- Directed by: Gus Meins
- Produced by: Hal Roach
- Starring: Thelma Todd Patsy Kelly
- Cinematography: Art Lloyd
- Edited by: Jack Ogilvie
- Music by: Leroy Shield
- Distributed by: Metro-Goldwyn-Mayer
- Release date: January 25, 1936;
- Running time: 20 min
- Country: United States
- Language: English

= An All-American Toothache =

1936 film

An All-American Toothache is a 1936 American comedy short released by Metro-Goldwyn-Mayer, produced by Hal Roach and directed by Gus Meins, and starring Thelma Todd and Patsy Kelly.

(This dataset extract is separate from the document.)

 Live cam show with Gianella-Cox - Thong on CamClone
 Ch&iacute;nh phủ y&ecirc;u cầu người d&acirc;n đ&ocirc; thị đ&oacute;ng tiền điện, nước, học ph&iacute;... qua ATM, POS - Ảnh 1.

It is the 21st and last entry in the Todd and Kelly series, which came to an end upon Todd's death in December 1935.

==Cast==
- Thelma Todd as Thelma Alice Todd
- Patsy Kelly as Patricia Veronica Kelly
- Mickey Daniels as Elmer
- Duke York as Coach Bill
- Johnny Arthur as The Dental Professor
- Bud Jamison as 2nd Plumber
- Billy Bletcher as 1st Plumber
- Si Jenks as Janitor

==Synopsis==
Thelma creates a fake toothache for Patsy whose coveted tooth might help Elmira win the big game.